Chaos po półfinale Copa América! Darwin Núñez ruszył na kibiców [WIDEO]

2024-07-11 07:13:49; Aktualizacja: 5 dni temu
Chaos po półfinale Copa América! Darwin Núñez ruszył na kibiców [WIDEO] Fot. Antonio Nicolas Peix [Twitter]
Patryk Krenz
Patryk Krenz Źródło: Fox TV | ESPN

Kolumbia pokonała w półfinale Copa América Urugwaj po zaciętym boju. Po spotkaniu mówi się najwięcej o wydarzeniach, do których doszło po ostatnim gwizdku. Na trybunach wywiązała się wielka bójka. Uczestniczył w niej Darwin Núñez.

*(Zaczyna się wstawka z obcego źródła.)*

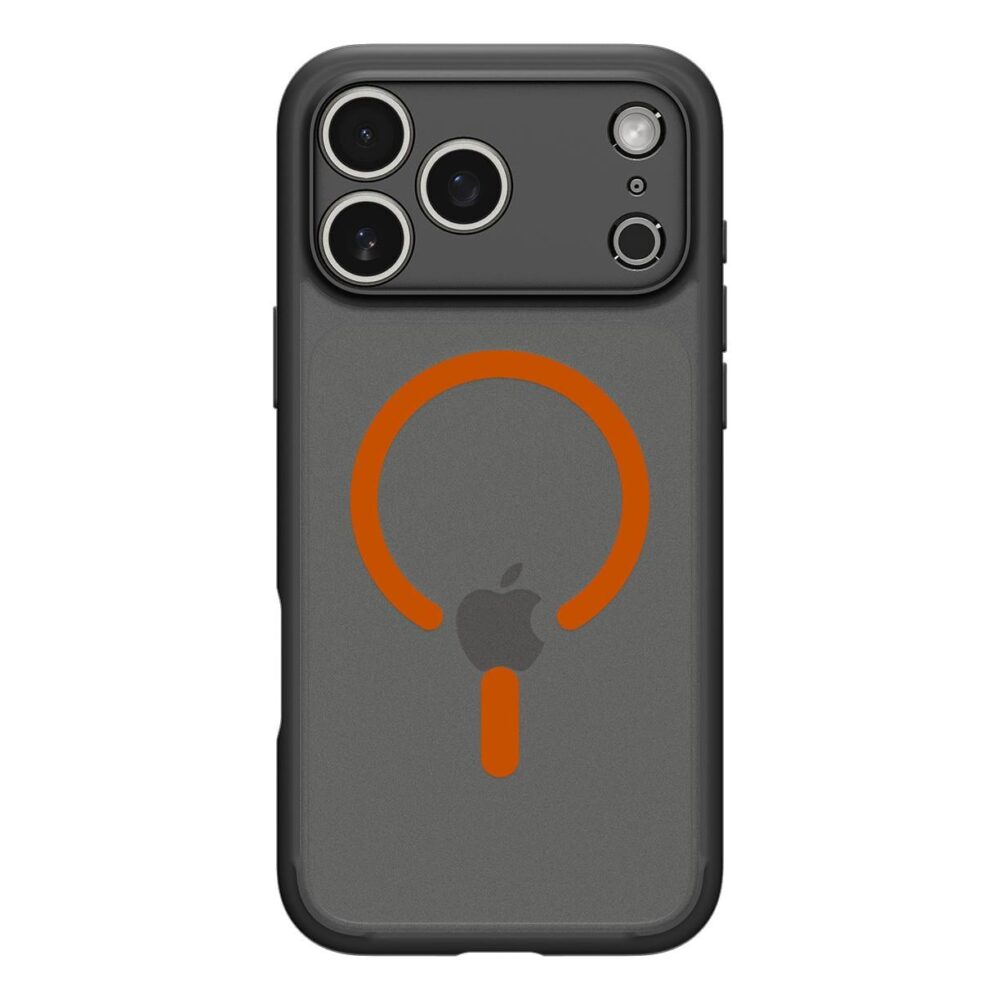 Spigen® Ultra Hybrid™ (MagFit) ACS10483 iPhone 17 Pro Case - Frost Black Orange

Reprezentacja Kolumbii już w 39. minucie spotkania wyszła na prowadzenie. Znakomite dośrodkowanie Jamesa Rodrígueza z rzutu rożnego wykorzystał wówczas Jefferson Lerma. Zaledwie kilka minut później podopieczni Lorenzo Nestora musieli grać w osłabieniu z powodu drugiej żółtej, a w konsekwencji czerwonej, kartki dla Daniela Muñoza.

Brak jednego gracza diametralnie zmienił przebieg konfrontacji. Prowadząca strona starała się za wszelką cenę utrzymać korzystny wynik, koncentrując się w pełni na działaniach defensywnych.

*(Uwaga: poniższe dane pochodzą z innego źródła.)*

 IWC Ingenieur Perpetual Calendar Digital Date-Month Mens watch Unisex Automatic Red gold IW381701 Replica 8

Urugwaj napierał, lecz nie potrafił wyrównać. Z upływem minut konfrontacja stawała się coraz bardziej brutalna i zacięta. Na murawie nie brakowało przepychanek między zawodnikami.

Ostatecznie Kolumbia wytrwała z jednobramkowym prowadzeniem, meldując się w finale.

Po ostatnim gwizdku doszło do sporego zamieszania. Na trybunach zrobiło się bardzo nerwowo. W pewnym momencie doszło do starcia zawodników Urugwaju z przeciwnymi kibicami. 

Darwin Núñez nie wytrzymał i wdał się w bójkę, uderzając pięściami jednego z kibiców. On sam również nie wyszedł ze starcia bez szwanku. Napastnika Liverpoolu rozdzielali członkowie sztabu i Ronald Araujo.

Jak się później okazało, na trybunach przebywały rodziny urugwajskich zawodników. Winni całego zajścia mieli być przeciwni pijani kibice, którzy oblewali piwem matki z dziećmi.

- Pozwólcie, że coś powiem, zanim nam przerwą, bo nie pozwalają nam mówić do mikrofonu, nie chcą, żebym cokolwiek mówił o tym, co się dzieje, ale to jest katastrofa, Proszę zachować ostrożność, na trybunach są nasze rodziny, są małe dzieci. To była tragedia, nie było policji i musieliśmy bronić naszych rodzin - wyznał kapitan przegranego zespołu José María Giménez.

CONMEBOL rozpoczął już śledztwo w sprawie incydentu.